Se exemplos fossem necessários para ilustrar o que atrás foi escrito, o facto de haver estudantes a quem negaram a bolsa por os pais serem devedores das Finanças e/ou da Segurança Social é bem ilustrativo da ausência de estratégia e falta de definição de prioridades que permitam alicerçar o futuro. Esta questão, para além de mostrar a forma displicente como  se encara a educação e de esconder uma certa moralidade ditatorial de crime e castigo, faria corar de vergonha qualquer um governante de um ´qualquer país tido como civilizado. Mas estas são as mesmas pessoas que depois nos vêm falar em mérito e oportunidades. Aliás, tenho para mim que quem muito fala em mérito ou se sente injustiçado ou pretende justificar o lugar ou estatuto que ocupa. Há gente com muito mais mérito do que muitos daqueles que o apregoam para quem o reconhecimento é bem mais do que o falso mérito. Quando se tem um Relvas no governo e se faz questão de o manter, estamos conversados quanto ao mérito ou desmérito.  E se nos déssemos como exercício analisar o percurso de alguns dos que ocupam alguns cargos neste país, muito haveria a dizer sobre esta nossa meritocracia. Aliás, penso que o mérito é um dos mitos do liberalismo que serve para justificar o seu carácter selectivo e, simultaneamente, afastar o sentimento de culpa por excluir outros. Tenho para mim que o mérito faz parte do ADN de uma sociedade liberal e individualista e não de uma sociedade solidária e responsável.

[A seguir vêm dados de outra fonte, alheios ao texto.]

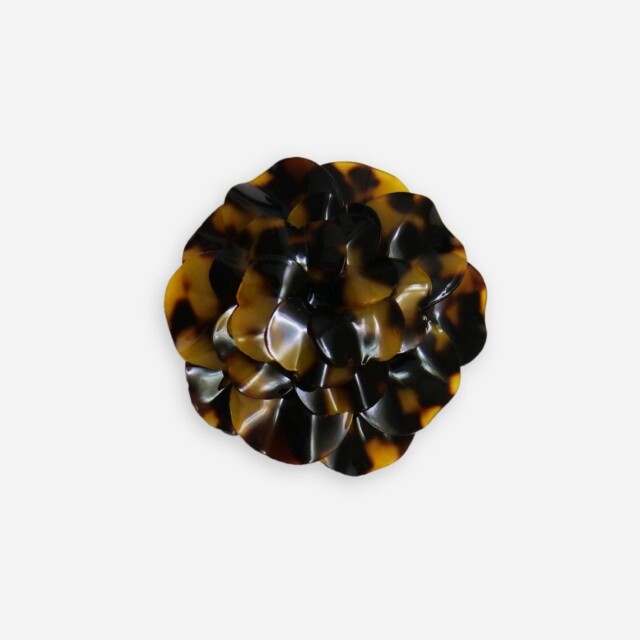 Ciléa Paris - Pendentif Géranium - Maxi – Rouge / Je ne veux pas la chaîne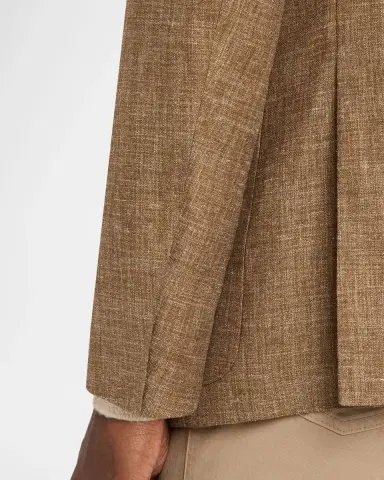 Giorgio Armani Men's Wool, Silk and Linen Crosshatch Sport Coat | Thumbnail 8 Giorgio Armani Men's Wool, Silk and Linen Crosshatch Sport Coat | Thumbnail 8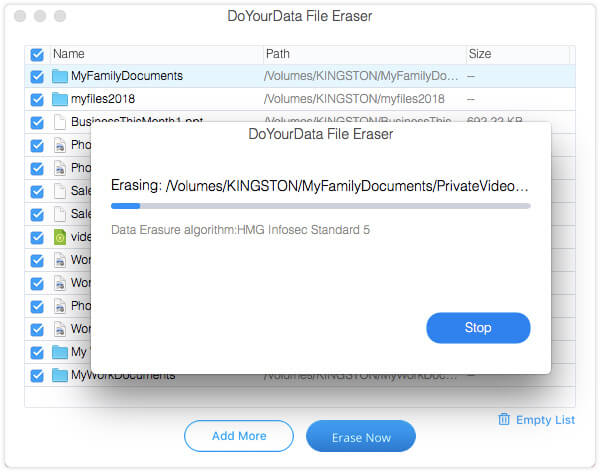 DoYourData File Eraser Mac 破解版 系统垃圾数据清除助手
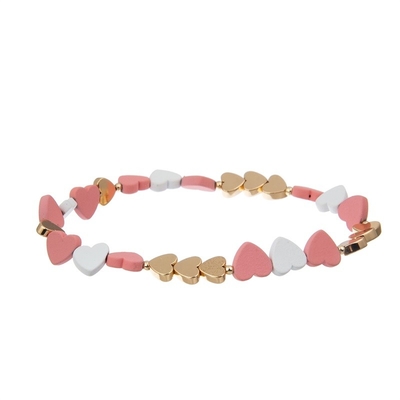 Het de Daggoud van roze Valentine bedekt Bararmband aanpast Naam voor Meisje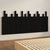 Wall Headboard Black 185 cm Solid Wood Pine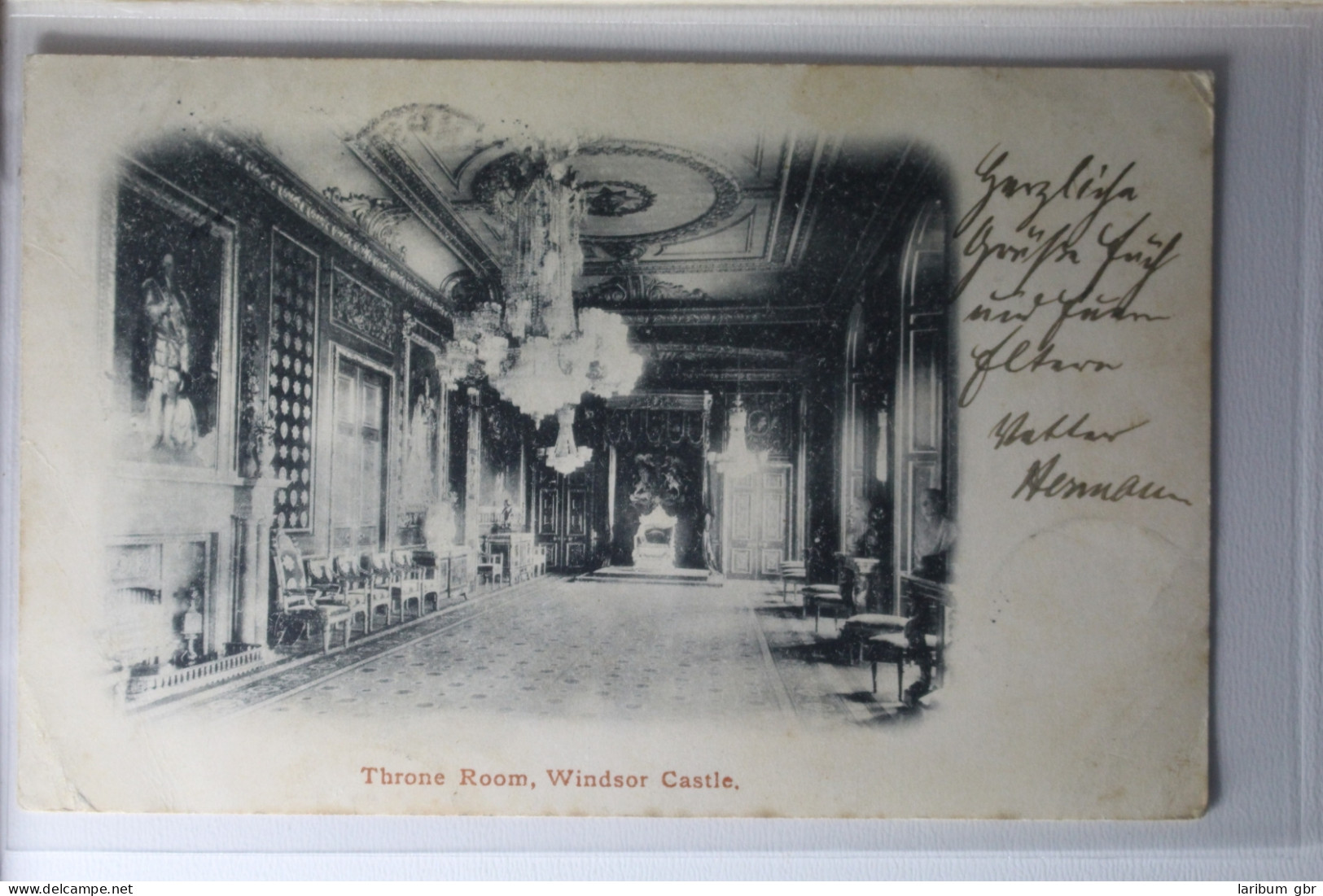 AK Windsor Castle Throne Room 1901 Gebraucht #PH106 - Other & Unclassified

Ainda a propósito de méritos, cabe aqui lembrar que este é um dos argumentos, nomeadamente do Presidente da República, quando se refere como sendo positiva a imagem do País no exterior como sendo justificativo do trabalho governativo. Na verdade, penso que ninguém terá dúvidas sobre o facto, mas a verdadeira questão não reside apenas na forma como os outros nos vêem. Primeiro importa saber quem nos olha, a forma como nos olha e que imagem pretende que adoptemos. Segundo, importa indagar se a imagem que construímos para terceiros é na verdade a imagem que pretendemos ou se é apenas um jogo para satisfazer os interesses de terceiros. Ensina-nos a experiência que quando alguém constrói uma imagem em função de terceiros, acaba, mais tarde ou mais cedo, por ruir. Esqueceu o essencial, o que era realmente importante, em nome de interesses imediatos e ilusórios. Sabemos como na maioria das vezes é extremamente difícil se erguer de novo, juntar os cacos de um futuro ilusório que nos foi insinuado por quem mais tarde acabou por nos abandonar. O mesmo se passa com os países. A imagem positiva que outros fazem de nós só é válida se genuína de ambas as partes. Que importa construir uma imagem à medida do que outros pretendem se, à primeira oportunidade, dependendo dos interesses do momento, ela deixará de ser válida?! Por isso tenho alguma dificuldade em entender esta hipervalorização da nossa imagem no exterior como sendo mérito do trabalho do governo (só em parte verdade), quando a nossa verdadeira imagem é a de um país acabrunhado, em profundo sofrimento e quem dizem que o seu destino é empobrecer. Este tipo de discurso, em alguns aspectos, assemelha-se à lógica da propaganda dos estados ditatoriais. Pouco me importa se a imagem que outros têm de mim é positiva se o mesmo destino é sucumbir sob o peso dessa mesma imagem.

Para quem nos governa, assim como para aqueles que louvam a nossa imagem, este é um País sem mérito que apenas merece o castigo da austeridade e do empobrecimento. Felizmente, são cada vez mais os que se dão conta de tamanho logro.

Sejam felizes em seara de gente. E já agora, gente que mereça o nosso esforço.